# Update on Curly Maple Vanity project



## firehawkmph (Apr 26, 2008)

Getting back to finishing up a project I started earlier in the year. Had an accident in the shop while making some molding. My finger was tore up pretty bad, but has healed up pretty well. I’m putting the drawers and doors on, just have a couple more small drawers to go. I built a separate base to set the vanity on, the tower section is going to go on top of the countertop when it’s installed. The one thing I did want to mention was the finish I used. I used Transtint dye mixed with alcohol to dye the wood. I was going to use pre-cat lacquer for the finish but couldn’t find any locally here in Ohio. So I went to the local Woodcraft and got a product from General Finishes. It is a water based, oil enhanced semigloss finish, called Enduro-Var II. I used an HVLP spraygun and put three coats on per their recommendation, with a



































sanding with 320 grit in between each coat. It sprayed very nicely and was dry to the touch in a matter of a few minutes. I waited overnight to sand between coats, even though they said you could do that after a few hours. It left a very smooth and even finish, I was very happy with the results. Nice thing was there was hardly any odor, easy clean up and no flammability issues.

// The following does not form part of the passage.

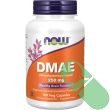 Side view of NOW DMAE 250mg bottle displaying Non-GMO and Vegan certifications
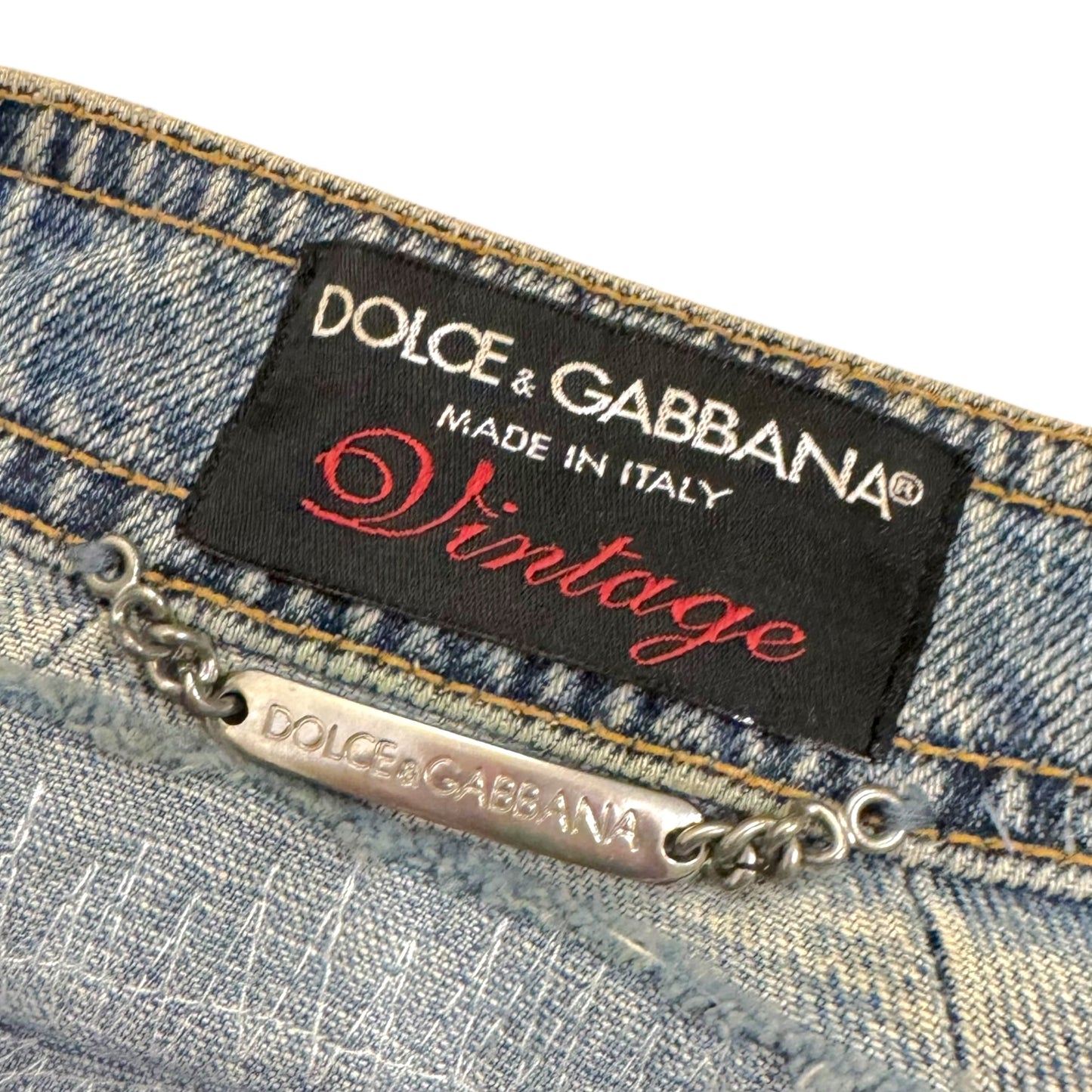 Dolce & Gabbana Denim Hook & Eye Rhinestone Logo Collar Denim Jacket - Outfit Repeater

I will use it again.
Mike Hawkins


----------



## difalkner (Nov 27, 2011)

Gorgeous, Mike, just simply gorgeous!!!


----------



## John Smith_inFL (Jul 4, 2018)

wow - your craftsmanship is awesome !!
I don't know where you found that wood, but, you better go get some more of it.
I agree with David - simply gorgeous !!


----------



## Tony B (Jul 30, 2008)

Great Job


----------



## DrRobert (Apr 27, 2015)

Nice work. Nicer wood!


----------



## firehawkmph (Apr 26, 2008)

John,
I got the wood from a local Amish mill about 50 minutes from my house. The curly maple was $3.30/board foot. I need to get back out there to see what he has. The molding is ingrown bark maple, which he said nobody really wants. It was $1.45/board foot. At the time it was cheaper than buying a 2 x 4 at Home Depot. It was all dried and surfaced on three sides. Pics below are what it looked like when I picked it up.
Mike Hawkins


----------



## Tool Agnostic (Aug 13, 2017)

Beautiful work! You are fortunate to live so close to the source of great wood like that. I can't come close to those lumber prices where I live.


----------



## gj13us (Apr 19, 2016)

Stunning.


----------